Traceback (most recent call last):
sys.exit(main())
File "/opt/conda/miniconda3/lib/python3.7/site-packages/pip/_internal/main.py", line 45, in main
command = create_command(cmd_name, isolated=("--isolated" in cmd_args))
File "/opt/conda/miniconda3/lib/python3.7/site-packages/pip/_internal/commands/__init__.py", line 96, in create_command
module = importlib.import_module(module_path)
File "/opt/conda/miniconda3/lib/python3.7/importlib/__init__.py", line 127, in import_module
return _bootstrap._gcd_import(name[level:], package, level)
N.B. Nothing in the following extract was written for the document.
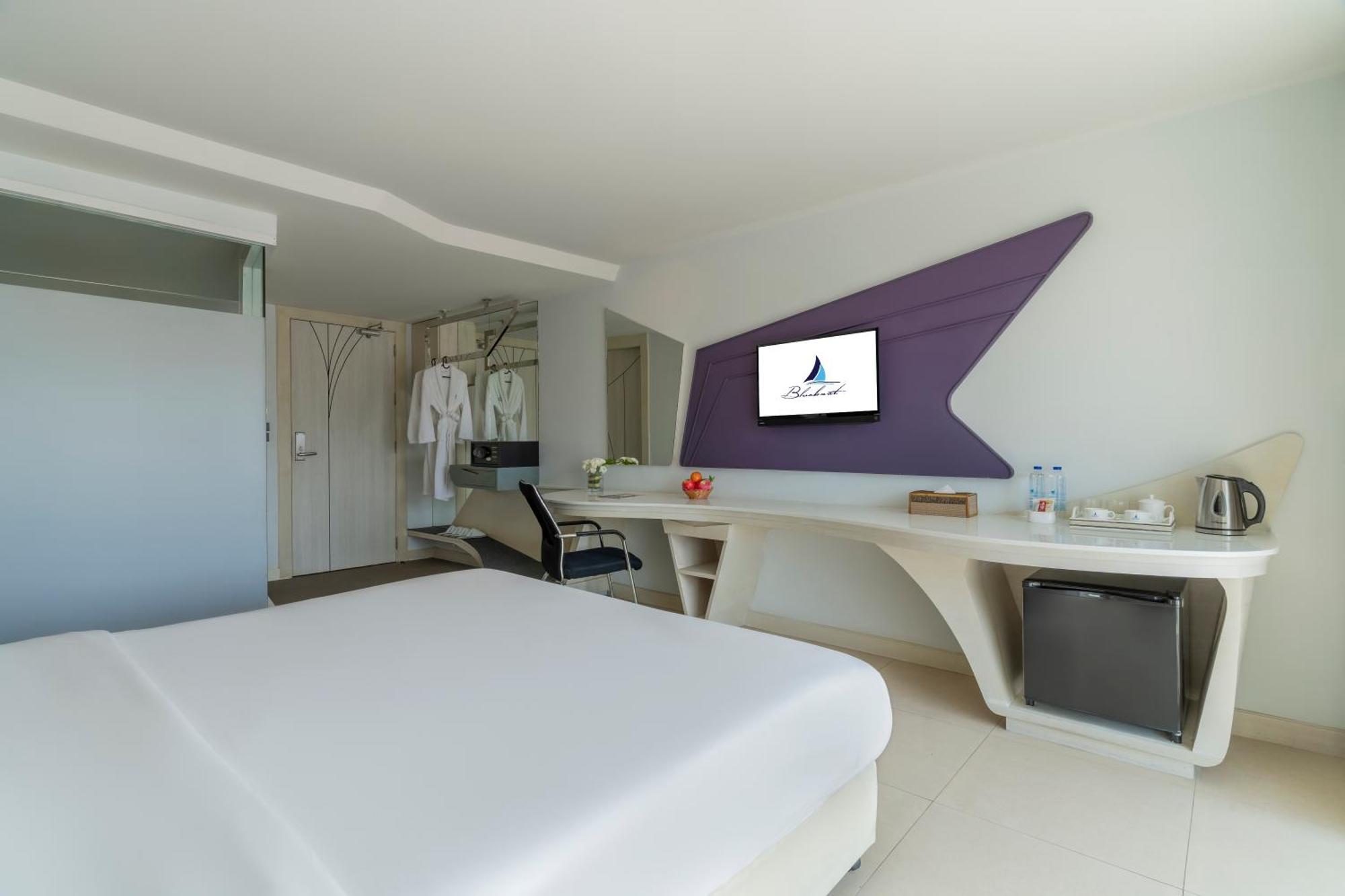 Blue Boat Hotel Jc Pattaya Exterior photo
File "<frozen importlib._bootstrap>", line 1006, in _gcd_import
File "<frozen importlib._bootstrap>", line 983, in _find_and_load
File "<frozen importlib._bootstrap>", line 967, in _find_and_load_unlocked
File "<frozen importlib._bootstrap>", line 677, in _load_unlocked
File "<frozen importlib._bootstrap_external>", line 728, in exec_module
File "<frozen importlib._bootstrap>", line 219, in _call_with_frames_removed
File "/opt/conda/miniconda3/lib/python3.7/site-packages/pip/_internal/commands/install.py", line 23, in <module>
from pip._internal.cli.req_command import RequirementCommand
File "/opt/conda/miniconda3/lib/python3.7/site-packages/pip/_internal/cli/req_command.py", line 20, in <module>
from pip._internal.network.session import PipSession
File "/opt/conda/miniconda3/lib/python3.7/site-packages/pip/_internal/network/session.py", line 17, in <module>
from pip._vendor import requests, six, urllib3
File "/opt/conda/miniconda3/lib/python3.7/site-packages/pip/_vendor/requests/__init__.py", line 97, in <module>
from pip._vendor.urllib3.contrib import pyopenssl
File "/opt/conda/miniconda3/lib/python3.7/site-packages/pip/_vendor/urllib3/contrib/pyopenssl.py", line 46, in <module>
import OpenSSL.SSL
File "/opt/conda/miniconda3/lib/python3.7/site-packages/OpenSSL/__init__.py", line 8, in <module>
from OpenSSL import crypto, SSL
File "/opt/conda/miniconda3/lib/python3.7/site-packages/OpenSSL/crypto.py", line 1553, in <module>
class X509StoreFlags(object):
File "/opt/conda/miniconda3/lib/python3.7/site-packages/OpenSSL/crypto.py", line 1573, in X509StoreFlags
CB_ISSUER_CHECK = _lib.X509_V_FLAG_CB_ISSUER_CHECK
AttributeError: module 'lib' has no attribute 'X509_V_FLAG_CB_ISSUER_CHECK'
It seems to be some issue with the python and pip packages in dataproc. Can anyone suggest how to resolve this issue. The initialization script I am using is as follows.
#!/bin/bash
function install_pip() {
if command -v pip >/dev/null; then
echo "pip is already installed."
return 0
fi
if command -v easy_install >/dev/null; then
echo "Installing pip with easy_install..."
easy_install pip
return 0
fi
echo "Installing python-pip..."
apt update
apt install python-pip -y
}
# install pip in the cluster
install_pip
# Get the GCS location for SDK from cluster metadata attributes
SDK_GCS_LOCATION="$(/usr/share/google/get_metadata_value attributes/sdk-gcs-location)"
SDK_FILE_NAME="$(/usr/share/google/get_metadata_value attributes/sdk-file-name)"
readonly SDK_GCS_LOCATION
readonly SDK_FILE_NAME
SDK_WHEEL=$SDK_GCS_LOCATION/$SDK_FILE_NAME
# Copy wheel file from GCS to cluster
gsutil cp $SDK_WHEEL .
# Install wheel in cluster
pip install $SDK_FILE_NAME